I've never had a PET scan. It is not readily available in Canada. I can get a PET scan done but it is not covered under any health plans and would cost me $2500 for the scan and then I would have to find a radiologist to give me the readings. Given this info I discussed it with my oncologist and was willing to pay because I was under the impression that this was the way to go. She told me to "save your money - you will just scare yourself to death - PET is not a reliable diagnostic tool". I have been given CAT scans and on one occasion there was a question of lymph node in my lungs which on subsequent CAT scan turned out to be nada - just old scar tissue. I also have 3 cysts on my liver which have shown stable on CAT scans - my surgeon took a look at my liver when he did my colon surgery and confirmed this diagnosis.
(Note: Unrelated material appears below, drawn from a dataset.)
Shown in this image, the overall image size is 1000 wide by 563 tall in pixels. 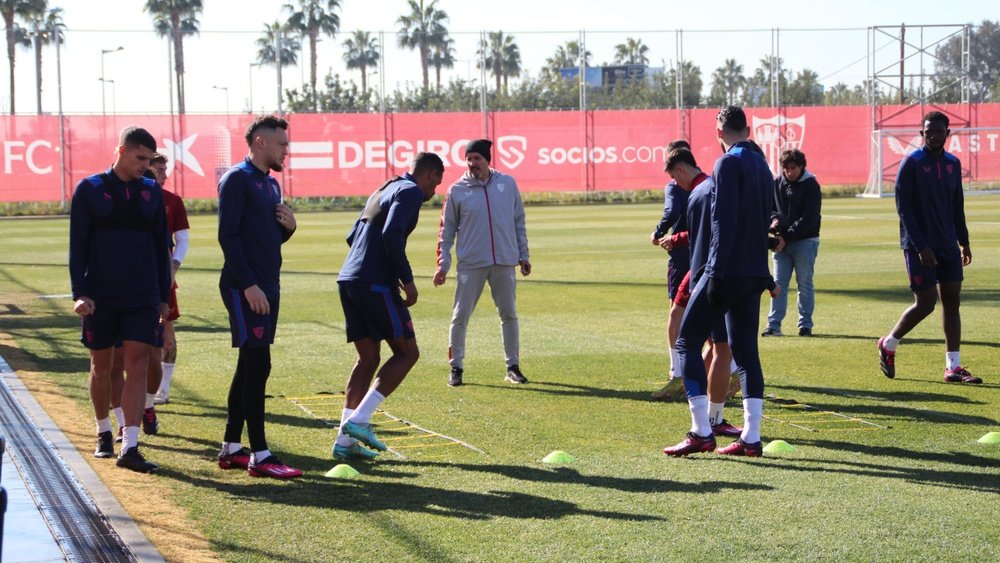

Guess what I'm trying to say is that CAT scans are the tool that is being used to monitor me. I will get a CAT every year. I wanted to get the CAT scan every 3 months but was told because I had radiation (rectal cancer) that my body had enough. :(

I get a CEA test every 3 months.

Stage III rectal cancer 2 nodes involved
LAR January 2006, Chemo/radiation completed October 2006

NED

sean
Posts: 293
Joined: Wed Mar 21, 2007 1:35 pm
Location: Vienna Virginia

Postby sean » Sat May 26, 2007 8:21 pm

If your CTs are without contrast I'd ask to get contrast. It will give you a jump on any recurrence. I have some small unidentifiable growths in my liver that only show up w/ contrast since a combined PET/CT very soon after was not able to see them (good news that the PET didn't pick them up, but they are also still very small). That was in December/January. My next CT w/contrast is in 2 weeks so I'll know if they have stayed the same (good news - likely benign cysts), or have shrunk or grown w/chemo (bad news since they'd likely be cancer and I'd rather just stay stage IIA for a good long while!). If I was getting CTs without contrast they'd never have been seen and if cancerous it would only delay the diagnosis.
42 - dx Jan 3 2007 stage IIA colon
9 FOLFOX4, 3 5-FU completed Sep 24 2007
Blockage symptoms, Negative Colonoscopy, Positive PET Oct 2009
2nd Resection Oct 2009 - Suspected Local Recurrence was Negative

Hawaii
Posts: 389
Joined: Sun Apr 08, 2007 1:28 am
Location: Calif.

Postby Hawaii » Sun May 27, 2007 2:43 am

I too had one lymph node show up on PET/CT scan after surgery. Dr. ordered a "fine needle aspiration" biopsy with CT and it showed cancer there. So now they are going to remove that next week, before starting chemo. Maybe you should request a biopsy also, to be sure.
Good luck.

Guest

Postby Guest » Mon May 28, 2007 7:53 am

Thanks to everyone. I am looking into a biopsy but it is not in an area that is without substantial risk (the aorta). I wish I could do that, but I am not sure it is possible.
If this had showed up with normal cancer uptake I would be going forward in a way more aggressive way. It is the SUV of 2.0 that has me stumped. One radiaologist said it represented normal biological activity in the ureter while the next one said it represented a "possible" malignancy in the lymph node. These are people who are looking at THE SAME SCAN. It has remained unchanged in size throughout the entire 18 months since I was first diagnosed.

To those of you who responded with concerns about the liver cysts. I was told that is pretty common. I think I was quoted about 50% of people have them.

I guess in the final analysis for all of us "time will tell" is our mantra. Thank you very much for responding to my post.